» EXERCISE DIRECTIONS
Some entries follow. Reproduce exactly the lines starting at the one with "Японската сол За" and stopping after the one with "亚冠激战再现上海申花逆转全北现代晋级下一轮 亚冠激战再现".
----------
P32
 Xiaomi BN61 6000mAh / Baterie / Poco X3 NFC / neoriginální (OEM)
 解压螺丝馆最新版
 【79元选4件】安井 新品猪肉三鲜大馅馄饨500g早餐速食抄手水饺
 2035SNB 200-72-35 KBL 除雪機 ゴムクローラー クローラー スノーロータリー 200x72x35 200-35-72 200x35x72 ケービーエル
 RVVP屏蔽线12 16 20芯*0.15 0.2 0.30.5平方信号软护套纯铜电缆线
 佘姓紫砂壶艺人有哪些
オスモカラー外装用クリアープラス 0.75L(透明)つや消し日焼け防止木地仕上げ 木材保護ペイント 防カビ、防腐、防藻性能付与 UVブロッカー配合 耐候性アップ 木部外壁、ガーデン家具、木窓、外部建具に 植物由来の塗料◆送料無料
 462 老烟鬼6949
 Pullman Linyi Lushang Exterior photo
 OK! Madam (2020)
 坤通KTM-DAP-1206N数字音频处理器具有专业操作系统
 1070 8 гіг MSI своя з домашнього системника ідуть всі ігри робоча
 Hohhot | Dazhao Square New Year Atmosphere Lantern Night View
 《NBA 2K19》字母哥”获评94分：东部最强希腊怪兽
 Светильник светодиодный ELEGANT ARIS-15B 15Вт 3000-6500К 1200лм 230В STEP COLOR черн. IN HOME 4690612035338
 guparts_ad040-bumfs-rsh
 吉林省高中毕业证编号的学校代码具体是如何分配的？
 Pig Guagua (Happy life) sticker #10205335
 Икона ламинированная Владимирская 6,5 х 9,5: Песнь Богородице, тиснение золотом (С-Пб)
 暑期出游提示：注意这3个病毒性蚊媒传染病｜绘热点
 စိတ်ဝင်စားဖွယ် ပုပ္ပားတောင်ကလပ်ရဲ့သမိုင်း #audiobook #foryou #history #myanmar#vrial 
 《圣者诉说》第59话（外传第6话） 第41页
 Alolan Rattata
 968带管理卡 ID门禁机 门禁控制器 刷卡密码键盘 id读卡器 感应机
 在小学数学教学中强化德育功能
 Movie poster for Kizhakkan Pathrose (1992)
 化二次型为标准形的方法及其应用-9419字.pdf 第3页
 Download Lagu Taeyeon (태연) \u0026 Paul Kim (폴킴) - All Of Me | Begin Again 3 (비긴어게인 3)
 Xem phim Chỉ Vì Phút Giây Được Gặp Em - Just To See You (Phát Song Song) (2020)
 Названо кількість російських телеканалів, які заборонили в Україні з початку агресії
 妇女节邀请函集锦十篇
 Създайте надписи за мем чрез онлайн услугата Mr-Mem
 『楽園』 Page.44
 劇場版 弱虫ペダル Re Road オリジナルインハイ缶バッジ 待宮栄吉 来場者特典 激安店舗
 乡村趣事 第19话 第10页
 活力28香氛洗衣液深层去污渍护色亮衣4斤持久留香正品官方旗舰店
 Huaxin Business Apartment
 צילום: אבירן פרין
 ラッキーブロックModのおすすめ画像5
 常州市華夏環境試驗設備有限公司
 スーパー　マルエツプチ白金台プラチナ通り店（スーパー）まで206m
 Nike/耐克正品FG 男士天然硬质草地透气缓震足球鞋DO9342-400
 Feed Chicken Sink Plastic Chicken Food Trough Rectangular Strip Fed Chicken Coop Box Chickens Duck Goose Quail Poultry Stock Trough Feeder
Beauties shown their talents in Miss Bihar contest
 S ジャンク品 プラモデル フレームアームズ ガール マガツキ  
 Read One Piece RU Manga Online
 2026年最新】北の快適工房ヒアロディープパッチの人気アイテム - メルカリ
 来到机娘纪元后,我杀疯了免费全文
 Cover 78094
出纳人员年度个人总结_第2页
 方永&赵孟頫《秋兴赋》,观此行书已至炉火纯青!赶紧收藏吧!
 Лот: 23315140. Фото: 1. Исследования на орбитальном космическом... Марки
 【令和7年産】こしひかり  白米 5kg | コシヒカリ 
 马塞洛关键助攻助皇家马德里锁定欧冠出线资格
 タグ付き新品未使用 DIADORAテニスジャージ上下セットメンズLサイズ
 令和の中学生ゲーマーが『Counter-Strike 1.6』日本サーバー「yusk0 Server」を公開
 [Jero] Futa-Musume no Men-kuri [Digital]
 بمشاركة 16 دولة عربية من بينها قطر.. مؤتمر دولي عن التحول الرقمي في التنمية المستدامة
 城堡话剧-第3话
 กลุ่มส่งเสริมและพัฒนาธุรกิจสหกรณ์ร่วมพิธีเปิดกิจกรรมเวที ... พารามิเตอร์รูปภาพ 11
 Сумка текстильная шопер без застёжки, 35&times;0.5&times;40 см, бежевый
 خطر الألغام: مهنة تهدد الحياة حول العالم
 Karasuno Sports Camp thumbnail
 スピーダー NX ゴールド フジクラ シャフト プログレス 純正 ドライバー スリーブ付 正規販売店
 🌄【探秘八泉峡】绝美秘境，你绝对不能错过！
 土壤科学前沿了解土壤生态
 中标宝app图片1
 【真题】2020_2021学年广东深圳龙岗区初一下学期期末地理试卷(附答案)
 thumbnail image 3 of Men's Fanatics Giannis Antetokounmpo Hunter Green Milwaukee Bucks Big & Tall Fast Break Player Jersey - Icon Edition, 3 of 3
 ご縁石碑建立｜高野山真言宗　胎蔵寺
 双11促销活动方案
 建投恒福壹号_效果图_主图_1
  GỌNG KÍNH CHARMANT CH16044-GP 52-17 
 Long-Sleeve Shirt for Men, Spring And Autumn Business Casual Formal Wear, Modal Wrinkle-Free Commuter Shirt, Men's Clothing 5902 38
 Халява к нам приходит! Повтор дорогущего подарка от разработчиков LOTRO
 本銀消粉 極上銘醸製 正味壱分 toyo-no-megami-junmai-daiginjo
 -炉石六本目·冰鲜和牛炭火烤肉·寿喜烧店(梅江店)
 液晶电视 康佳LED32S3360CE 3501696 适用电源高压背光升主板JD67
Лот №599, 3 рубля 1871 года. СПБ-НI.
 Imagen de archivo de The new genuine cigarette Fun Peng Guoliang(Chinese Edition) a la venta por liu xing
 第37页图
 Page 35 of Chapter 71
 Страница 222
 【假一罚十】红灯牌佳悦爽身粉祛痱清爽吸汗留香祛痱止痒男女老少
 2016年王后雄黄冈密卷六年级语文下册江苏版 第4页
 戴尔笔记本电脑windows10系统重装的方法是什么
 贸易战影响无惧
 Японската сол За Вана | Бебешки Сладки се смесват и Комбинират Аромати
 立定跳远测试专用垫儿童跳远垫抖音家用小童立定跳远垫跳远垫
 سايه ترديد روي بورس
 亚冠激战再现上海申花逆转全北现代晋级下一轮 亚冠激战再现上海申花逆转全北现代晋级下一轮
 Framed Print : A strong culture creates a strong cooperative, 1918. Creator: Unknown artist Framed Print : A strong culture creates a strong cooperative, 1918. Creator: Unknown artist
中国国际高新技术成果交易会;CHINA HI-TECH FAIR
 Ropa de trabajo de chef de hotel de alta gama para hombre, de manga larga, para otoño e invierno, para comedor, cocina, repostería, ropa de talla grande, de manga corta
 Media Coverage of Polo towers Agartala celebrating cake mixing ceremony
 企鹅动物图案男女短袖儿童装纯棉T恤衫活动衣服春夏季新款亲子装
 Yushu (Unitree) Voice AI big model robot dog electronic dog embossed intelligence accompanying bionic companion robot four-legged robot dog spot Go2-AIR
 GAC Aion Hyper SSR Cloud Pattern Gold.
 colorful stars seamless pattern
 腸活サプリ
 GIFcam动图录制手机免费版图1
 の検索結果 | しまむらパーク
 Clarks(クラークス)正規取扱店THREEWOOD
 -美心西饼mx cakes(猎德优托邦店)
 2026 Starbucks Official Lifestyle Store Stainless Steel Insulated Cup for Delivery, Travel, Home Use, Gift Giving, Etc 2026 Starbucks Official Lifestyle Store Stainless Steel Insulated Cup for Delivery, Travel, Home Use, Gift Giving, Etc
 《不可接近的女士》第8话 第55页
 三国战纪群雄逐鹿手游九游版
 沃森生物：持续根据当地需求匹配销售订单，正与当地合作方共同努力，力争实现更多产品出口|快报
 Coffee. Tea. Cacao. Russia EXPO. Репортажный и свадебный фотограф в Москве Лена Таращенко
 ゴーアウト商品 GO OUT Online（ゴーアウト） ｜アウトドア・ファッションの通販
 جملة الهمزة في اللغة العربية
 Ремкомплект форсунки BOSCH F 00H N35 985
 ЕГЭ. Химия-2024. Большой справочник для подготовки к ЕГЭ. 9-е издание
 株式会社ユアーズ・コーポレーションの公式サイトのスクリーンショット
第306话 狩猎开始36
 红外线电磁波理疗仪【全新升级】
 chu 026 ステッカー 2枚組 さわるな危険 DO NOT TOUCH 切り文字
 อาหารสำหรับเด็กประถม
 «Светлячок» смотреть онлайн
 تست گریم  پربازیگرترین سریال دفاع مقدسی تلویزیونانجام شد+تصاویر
----------
» SOLUTION FOR THIS TASK
 Японската сол За Вана | Бебешки Сладки се смесват и Комбинират Аромати
 立定跳远测试专用垫儿童跳远垫抖音家用小童立定跳远垫跳远垫
 سايه ترديد روي بورس
 亚冠激战再现上海申花逆转全北现代晋级下一轮 亚冠激战再现上海申花逆转全北现代晋级下一轮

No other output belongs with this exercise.